Route and timing of administration affect anaphylactic potential. The oral route of administration is less likely to cause a reaction, and the reaction is usually less severe, although fatal reactions occur following ingestions of foods by someone who is allergic. The longer the interval between exposures, the less likely an anaphylactic (IgE-mediated) reaction will recur. This is thought to be due to catabolism and decreased synthesis of specific IgE over time. This does not appear to be the case for anaphylactoid reactions.
Asthma is a risk factor for fatal outcomes.
Delay in administration of epinephrine is also a risk factor for fatal outcomes.

In most studies, the frequency of symptoms and signs of anaphylaxis are grouped together by organ system. For example, in the Olmsted County study, 100% of patients with anaphylaxis had cutaneous manifestations. This resulted from the study’s definition of anaphylaxis, which required one symptom of generalized mediator release, which was defined mostly by skin manifestations. Nevertheless, other studies have reported that 90% of patients have skin involvement. In the Olmsted County study, 69% had respiratory manifestations, 41% had cardiovascular involvement, and 24% had oral or gastrointestinal manifestations. Other studies have reported similar findings.
Patients often initially describe a sense of impending doom, accompanied by pruritus and flushing. This can evolve rapidly into the following symptoms, broken down by organ system:
Cutaneous/ocular - Flushing, urticaria, angioedema, cutaneous and/or conjunctival pruritus, warmth, and swelling
Respiratory - Nasal congestion, rhinorrhea, throat tightness, wheezing, shortness of breath, cough, hoarseness
Cardiovascular - Dizziness, weakness, syncope, chest pain, palpitations
Gastrointestinal - Nausea, vomiting, diarrhea, bloating, cramps
Neurologic - Headache (rare except in exercise-induced anaphylaxis) and seizure (very rare)
Symptoms usually begin within 5-30 minutes from the time the antigen is injected but can occur within seconds. If the antigen is ingested, symptoms usually occur within 2 hours, although symptoms often occur much faster, as with severe food allergy. In rare cases, symptoms can be delayed in onset for several hours.

The first priority should be to assess the patient’s respiratory and cardiac status.
Severe angioedema of the tongue and lips may obstruct airflow.
Laryngeal edema may manifest as stridor or severe air hunger.
Loss of voice, hoarseness, and/or dysphagia may occur.
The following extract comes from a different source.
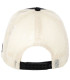 YOUTH CAP WITH BRIM AND MESH LOONEY TUNES 56/58 - CHILDREN'S HATS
Bronchospasm, airway edema, and mucus hypersecretion may manifest as wheezing. In the surgical setting, increased pressure of ventilation can be the only manifestation of bronchospasm.
Hypoxia can cause altered mental status.
Tachycardia is present in one fourth of patients, usually as a compensatory measure for intravascular volume loss.
Bradycardia is more suggestive of a vasovagal reaction, although it has been observed in true anaphylaxis.
Hypotension (and resultant loss of consciousness) may be observed secondary to capillary leak, vasodilation, and hypoxic myocardial depression.
Cardiovascular collapse with shock can occur immediately, without any other findings. This is an important consideration in the surgical setting.
The first sign of anaphylaxis is flushing, noted especially in the cheeks. Urticaria (hives) can occur anywhere on the body, often localizing to the palms, soles, and inner thighs. The lesions are erythematous, raised, highly pruritic, and of variable size.
Angioedema is also commonly observed. These lesions involve the deeper dermal layers of skin and are usually nonpruritic and nonpitting. Common areas of involvement are the larynx, lips, eyelids, hands, feet, and genitals.
Isolated, whole-body erythematous flushing is also occasionally observed.
Gastrointestinal: Vomiting, diarrhea, and abdominal distention are frequently observed.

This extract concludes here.